I have lived in the UK for over 12 years. For the last two years, I have been discussing and speaking with people in London, Manchester, and other areas of England about the reasons why many people voted to leave the European Union.
Mr Khan suggests that it is the feeling of past glories of Britain that resulted in Brexit. Mr Khan says “It’s no coincidence then, as one Guardian editor rightly pointed out, that so many Brexiteers have misty-eyed memories of ex-colonies.”
If that were true, how would one explain why large numbers of South Asians living in Britain, including many Pakistanis in London and elsewhere, voted to Leave the EU. If Leave was down to the “misty-eyed memories of ex-colonies” why would prominent, anti-imperialist intellectuals like Tariq Ali support the Leave vote. To reduce the Leave vote to “misty-eyed memories of ex-colonies” reduces the reasons for which people voted Leave.
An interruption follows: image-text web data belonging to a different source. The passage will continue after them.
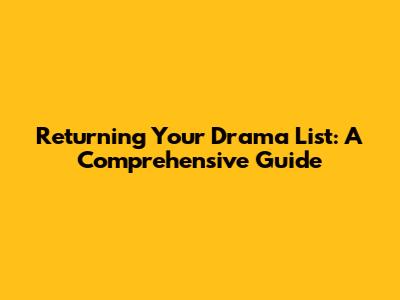 Returning Your Drama List: A Comprehensive Guide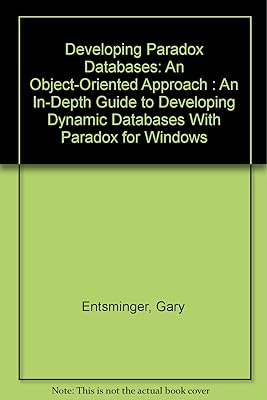 Developing Paradox Databases: An Object-Oriented Approach : An In-Depth Guide to Developing Dynamic Databases With Paradox for Windows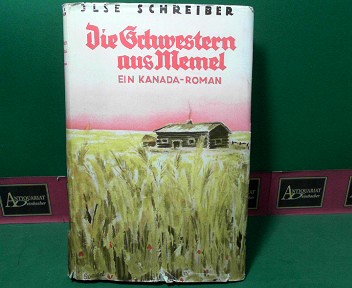 Schreiber, Ilse:  Die schwestern aus Memel - Ein Kanada-Roman. 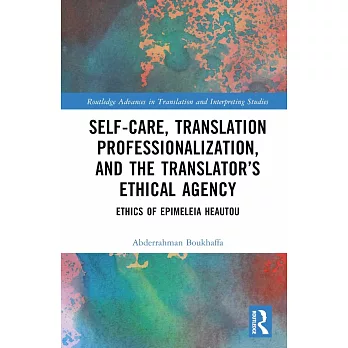 Self-Care, Translation Professionalization, and the Translator’s Ethical Agency: Ethics of Epimeleia Heautou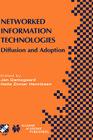 Networked Information Technologies: Diffusion and Adoption (IFIP Advances in Information and Communication Technology #138) By Jan Damsgaard (Editor), Helle Zinner Henriksen (Editor) Cover Image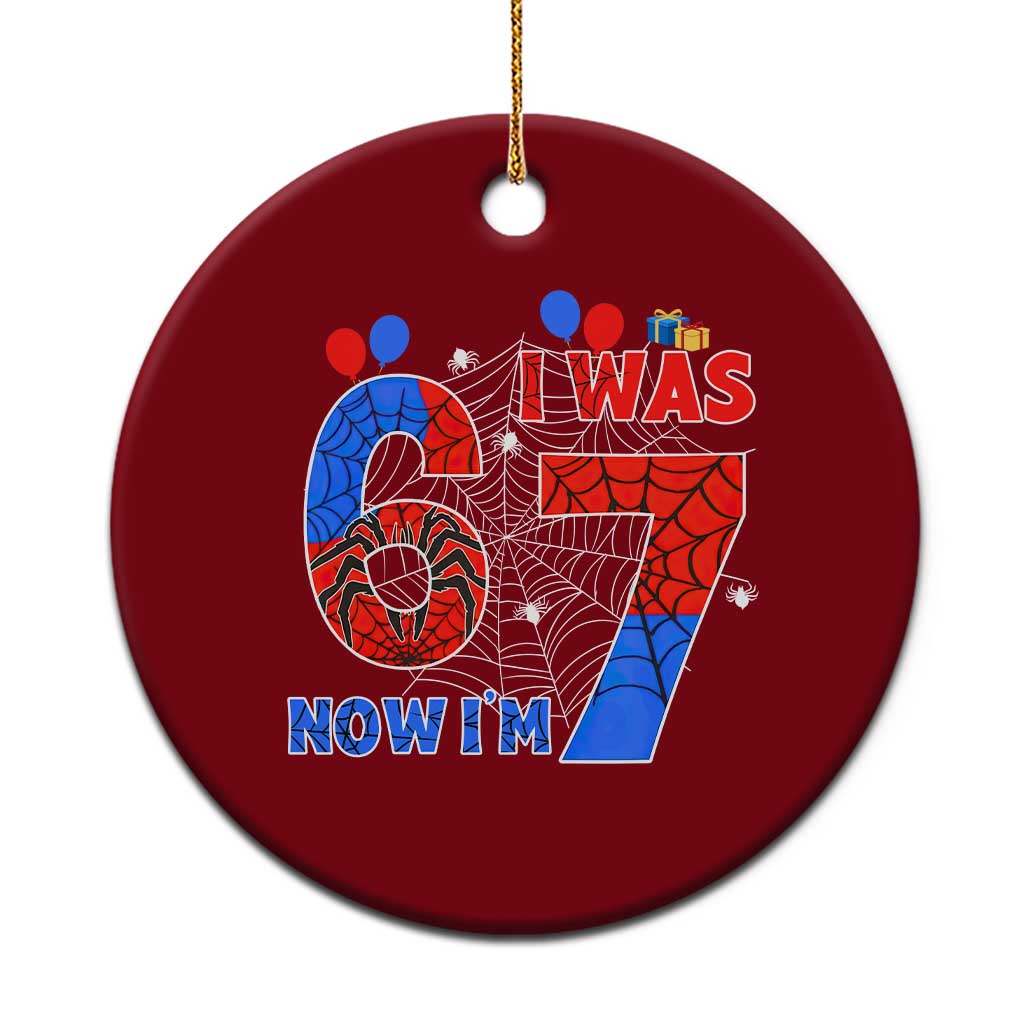 I Was 6 Now I Am 7 Ceramic Ornament Funny Spider Birthday Boy TS12 1pc Red Print Your Wear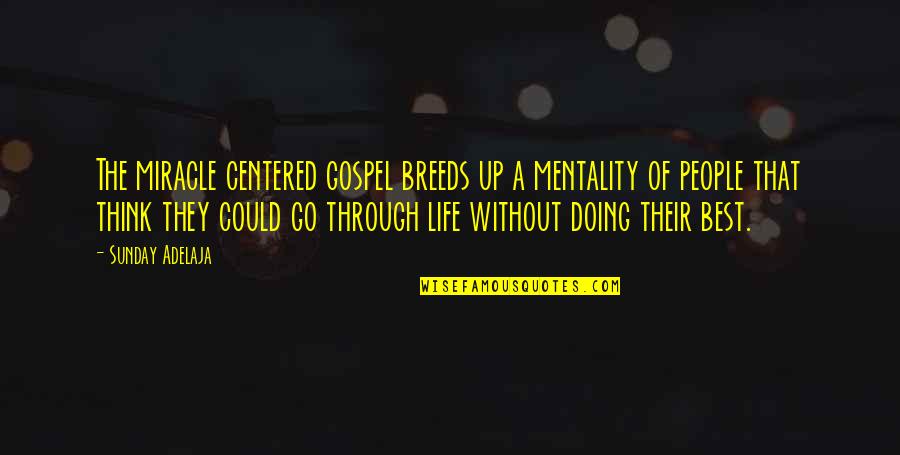 Mentality Quotes Quotes By Sunday Adelaja: The miracle centered gospel breeds up a mentality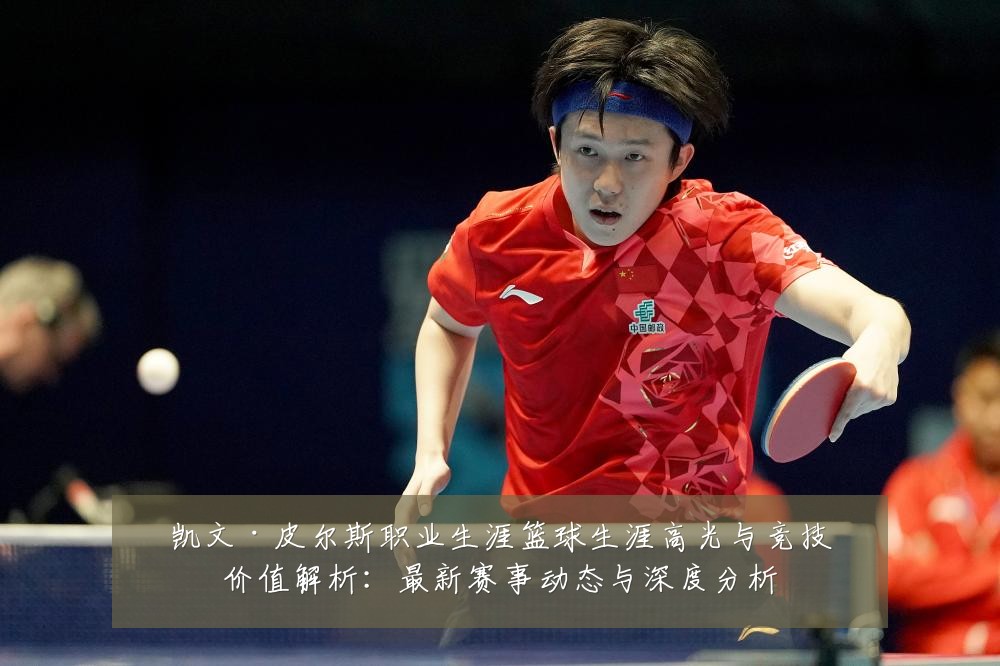 凯文·皮尔斯职业生涯篮球生涯高光与竞技价值解析:最新赛事动态与深度分析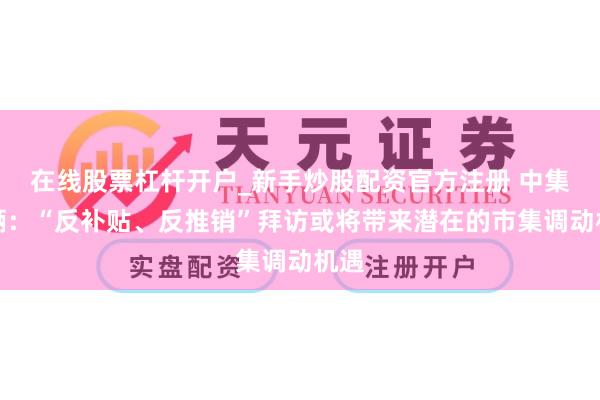 在线股票杠杆开户_新手炒股配资官方注册 中集车辆：“反补贴、反推销”拜访或将带来潜在的市集调动机遇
In the referendum, I voted to Remain in the EU. However, I understand why many people, including many South Asians, around me voted Leave. It is not simply because of past glories but due to rising inequality that swamps many in England and Britain. The economic policies of the last three decades have produced uneven distributional results. Working class people in the UK have gained nothing from globalisation. This is well-documented by Branko Milanovic, author of Global Inequality. It is therefore incorrect, even unfair, when Mr Khan suggests in the article that “Britain may still see sense of course, and stick to the EU”. For many people, leaving the EU made sense. Those in position of privilege should try to understand, not undermine, resentment of those left behind by the economic policies of the last three decades.